In den Berlinale-Anfängen ab 1951 hielt das Festival noch keine roten Teppiche bereit; die Willkommensparade sah vor, dass die Stars, hupend und winkend, in ihren Cabrios am Kurfürstendamm vorfuhren: Joan Fontaine und Billy Wilder, Gary Cooper, Sophia Loren und Gina Lollobrigida.

Heute gibt es beim Show-Lauf zwar Bodyguards mit Knopf im Ohr und Fotografenhorden, die immer noch größere Teleobjektive an ihre Kameras schrauben; man hört die aufgeregte Lautsprecherstimme des Prominentenansagers und sieht die Live-Projektion des Galagastes auf den Leinwänden neben dem Festivalpalast - das Prinzip aber ist das gleiche geblieben: Jagdszenen in Berlin. Jedes Jahr das gleiche Schauspiel, nur mit anderen Hauptdarstellern. Eine Hochzeitsgesellschaft aus Glamour, Größenwahn und Popkultur. Und alle tun so, als ginge es einzig um die Kunst - dabei zählt die Pose, der richtige Augenblick, das Foto des Abends.

In Cannes schreiten die Prominenten eine breite Treppe hinauf zum Festivalpalast, auch auf dem Filmfestival Venedig geht es aufwärts in den Kino-Olymp. Am Potsdamer Platz läuft man eine flache Rampe hinunter zu dem von Architekt Renzo Piano erbauten Berlinale-Palast, der 1600 Leute fasst und sonst Musicalaufführungen beherbergt. Das sage womöglich viel über die Berlinale aus, meint Kosslick, über "die gesellschaftspolitische Auffassung der Stadt": In Berlin ist man auf Augenhöhe - auch mit den Stars.

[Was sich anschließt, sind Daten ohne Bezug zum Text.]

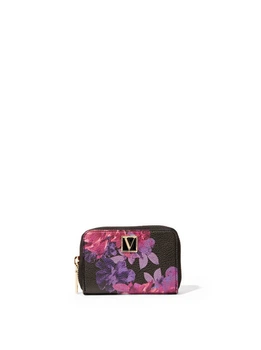Гаманець The Victoria Small Wallet Victoria's Secret (26682325)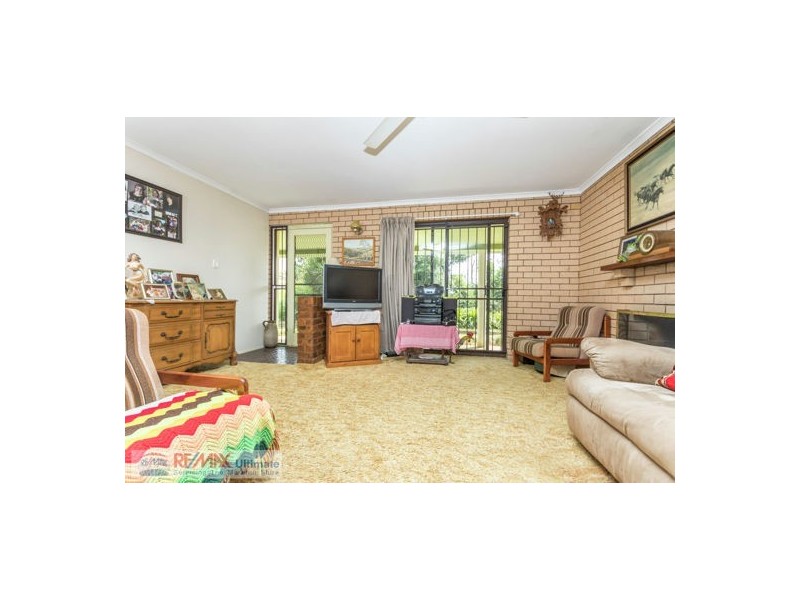 54 Richards Court, Bellmere QLD 4510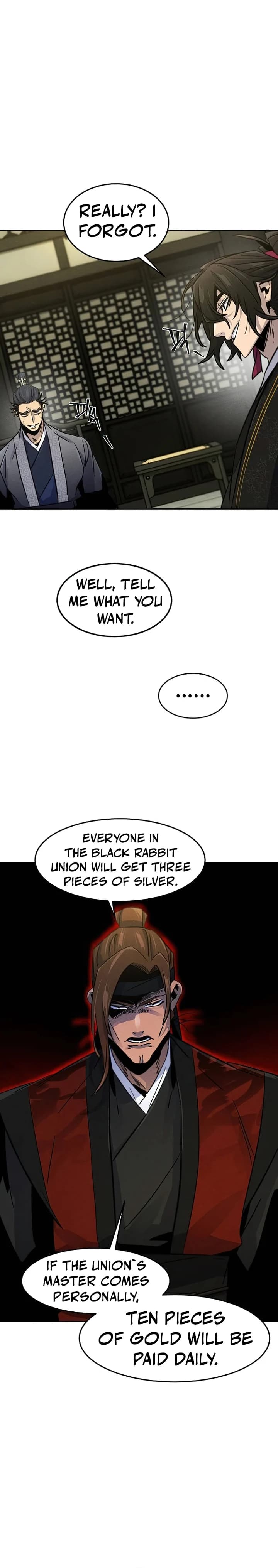 Page https://readmanhwaverse.com/images/return-of-the-mad-demon/chapter-89/ch_89_20.webp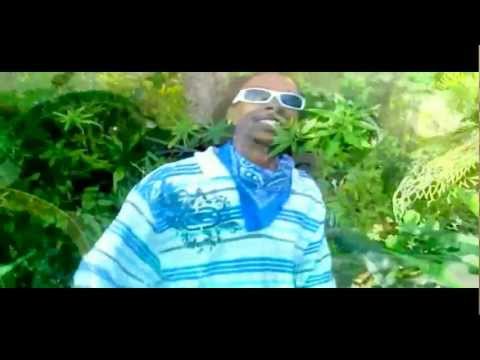 NewtOne - Enemies_Clip Officiel 2k12 !!!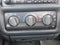 2001 GMC Sonoma SLS w/1SG Pkg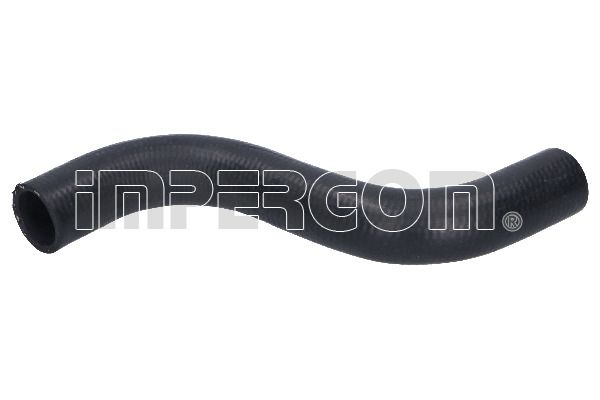 ORIGINAL IMPERIUM 17712 Radiator Hose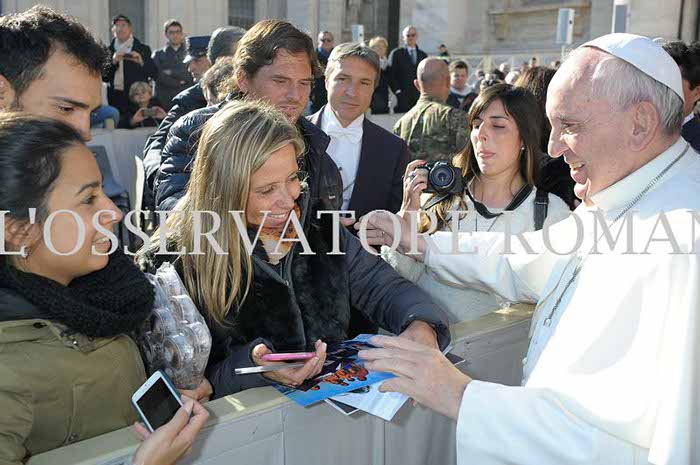 %_tempFileName372663_02122015%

Die Berlinale ist das größte Publikumsfestival der Welt, jedes Jahr verkündet sie neue Besucherrekorde. Nicht zuletzt auch deshalb, weil das Kino sich nicht zurückzieht in den berühmten Elfenbeinturm, sondern hingeht zu den Menschen in der Stadt. Die Berlinale ist kein Spaßfestival, sondern ein ernstes Winterkind. Sie hat sich mit (gesellschafts)politischen Filmen profiliert und - seit Dieter Kosslick 2002 das Ruder übernommen hat - dem deutschen Film wieder zu internationaler Anerkennung verholfen. Berlin hat, anders als Cannes und Venedig, keinen Strand und keine Meerespromenade, an denen man flanieren und sich vom Kino erholen kann. Umso wichtiger ein Ort der Leichtigkeit. Ein Ort, an dem der Sirenengesang der Berühmtheit ungestört erklingen kann. Dass dies einmal der rote Teppich am Potsdamer Platz werden sollte, McDonald's- und Starbucks-Filialen im Rücken, hätte man auch nicht gedacht. Mit dem nötigen Willen zum Pomp und den richtigen Stars ist jedoch vieles möglich.

Ein roter Teppich entscheidet nicht über Erfolg und Misserfolg eines Films, vielleicht aber über den Marktwert und das Image der dort entlangstolzierenden Personen. Geben und Nehmen heißt das Prinzip. Ein durchgedrückter Rücken und ein Zahnpastalächeln gegen eine Titelseite mit Auflagenstärke. Ein Teppichhandel, wenn man so will. In diesem Jahr heißen die wichtigsten Protagonisten Renée Zellweger, Jessica Alba, Ewan McGregor, Ben Stiller, Gérard Depardieu, Shah Rukh Khan und Leonardo DiCaprio. 180 Gäste werden über den Teppich zum Berlinale-Palast laufen, für allabendliches Starspotting ist also gesorgt. The show must go on - immer wieder, immer spektakulärer.

Kino setzt sich zusammen aus Handwerk, Technik und Kunst. Kino ist aber auch ein Stück Irrationalität und Glücksversprechen. Eine Sache des Glaubens und nicht der kalten Vernunft. Der rote Teppich ist die ideale Pforte, diese Welt zu betreten.